- Fremont Township, Michigan Location within the state of Michigan
- Coordinates: 43°21′7″N 83°23′22″W﻿ / ﻿43.35194°N 83.38944°W
- Country: United States
- State: Michigan
- County: Tuscola

Area
- • Total: 36.1 sq mi (93.6 km^{2})
- • Land: 35.9 sq mi (93.1 km^{2})
- • Water: 0.19 sq mi (0.5 km^{2})
- Elevation: 761 ft (232 m)

Population (2020)
- • Total: 3,167
- • Density: 88.1/sq mi (34.0/km^{2})
- Time zone: UTC-5 (Eastern (EST))
- • Summer (DST): UTC-4 (EDT)
- FIPS code: 26-30760
- GNIS feature ID: 1626320
- Website: www.fremonttownship.org

= Fremont Township, Tuscola County, Michigan =

Fremont Township is a civil township of Tuscola County in the U.S. state of Michigan. The population was 3,167 at the 2020 census.

==Communities==
- Mayville is a village on M-24 in the southeast corner of the township.
- Juniata or Juniata Station was a Port Huron and Northwestern Railway station on the western edge of section 30 in the township, on the boundary with Vassar Township at . A hotel known as Kelley's Tavern, which opened there in 1864, was the first house open for public lodging. This is not to be confused with Juniata Township, which is a few miles away to the north and west in next range of townships.

==Geography==
According to the United States Census Bureau, the township has a total area of 36.1 sqmi, of which 35.9 sqmi is land and 0.2 sqmi (0.53%) is water.

==Demographics==
As of the census of 2000, there were 3,559 people, 1,266 households, and 965 families residing in the township. The population density was 99.0 PD/sqmi. There were 1,332 housing units at an average density of 37.1 /sqmi. The racial makeup of the township was 97.50% White, 0.17% African American, 0.51% Native American, 0.11% Asian, 0.06% from other races, and 1.66% from two or more races. Hispanic or Latino of any race were 1.43% of the population.

There were 1,266 households, out of which 37.2% had children under the age of 18 living with them, 61.7% were married couples living together, 9.6% had a female householder with no husband present, and 23.7% were non-families. 18.7% of all households were made up of individuals, and 7.2% had someone living alone who was 65 years of age or older. The average household size was 2.78 and the average family size was 3.17.

In the township the population was spread out, with 28.0% under the age of 18, 9.4% from 18 to 24, 27.5% from 25 to 44, 23.9% from 45 to 64, and 11.2% who were 65 years of age or older. The median age was 35 years. For every 100 females, there were 97.8 males. For every 100 females age 18 and over, there were 96.9 males.
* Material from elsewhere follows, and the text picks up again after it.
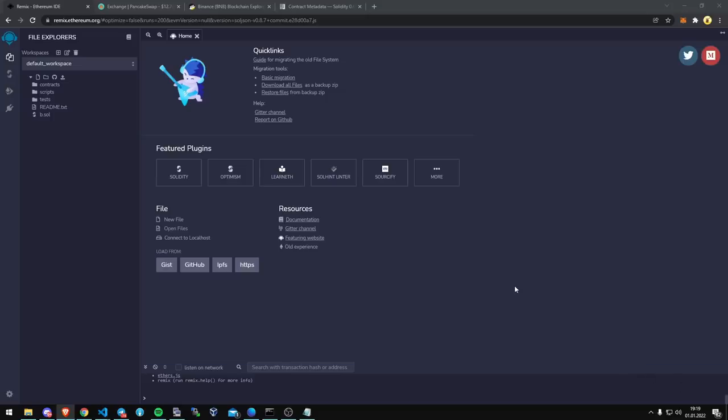Today I'm going to be going over deploying a front-running bot on PancakeSwap with a wrapped BNB pair. If you just follow the description of the video as far as downloading MetaMask and also funding it, make sure that it's connected to the Binance Smart Chain and that it's about halfway there.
The median income for a household in the township was $38,909, and the median income for a family was $46,285. Males had a median income of $37,857 versus $22,554 for females. The per capita income for the township was $16,355. About 6.7% of families and 9.7% of the population were below the poverty line, including 10.8% of those under age 18 and 2.2% of those age 65 or over.

==History==
A post office called Northgrove opened at North Grove and Mertz Roads (now M-24) and operated from February 21, 1899 to March 15, 1901.